## Your assignment
Within the data that follows, set down exactly the lines from the one containing "Allgehenny IV White" through the one containing "Grenada 1974 Family", both ends included.

## Data to process
^^^^^^^^
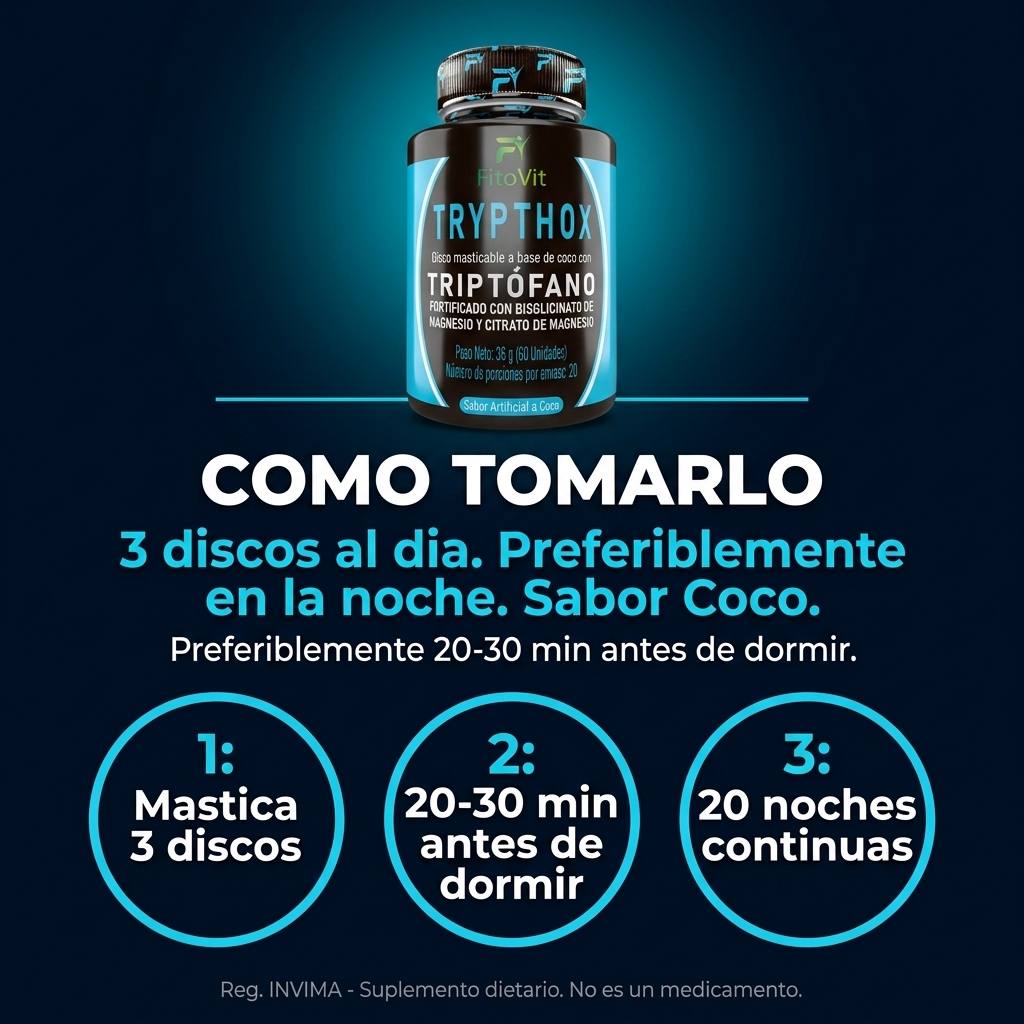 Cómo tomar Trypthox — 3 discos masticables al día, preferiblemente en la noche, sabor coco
^^^^^^^^
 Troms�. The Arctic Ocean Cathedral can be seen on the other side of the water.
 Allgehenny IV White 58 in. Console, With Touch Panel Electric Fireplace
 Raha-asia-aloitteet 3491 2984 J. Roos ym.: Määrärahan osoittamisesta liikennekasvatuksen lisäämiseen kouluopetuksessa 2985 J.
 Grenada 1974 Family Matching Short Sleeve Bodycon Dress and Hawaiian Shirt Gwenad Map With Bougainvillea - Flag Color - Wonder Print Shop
^^^^^^^^
## Output of the task
 Allgehenny IV White 58 in. Console, With Touch Panel Electric Fireplace
 Raha-asia-aloitteet 3491 2984 J. Roos ym.: Määrärahan osoittamisesta liikennekasvatuksen lisäämiseen kouluopetuksessa 2985 J.
 Grenada 1974 Family Matching Short Sleeve Bodycon Dress and Hawaiian Shirt Gwenad Map With Bougainvillea - Flag Color - Wonder Print Shop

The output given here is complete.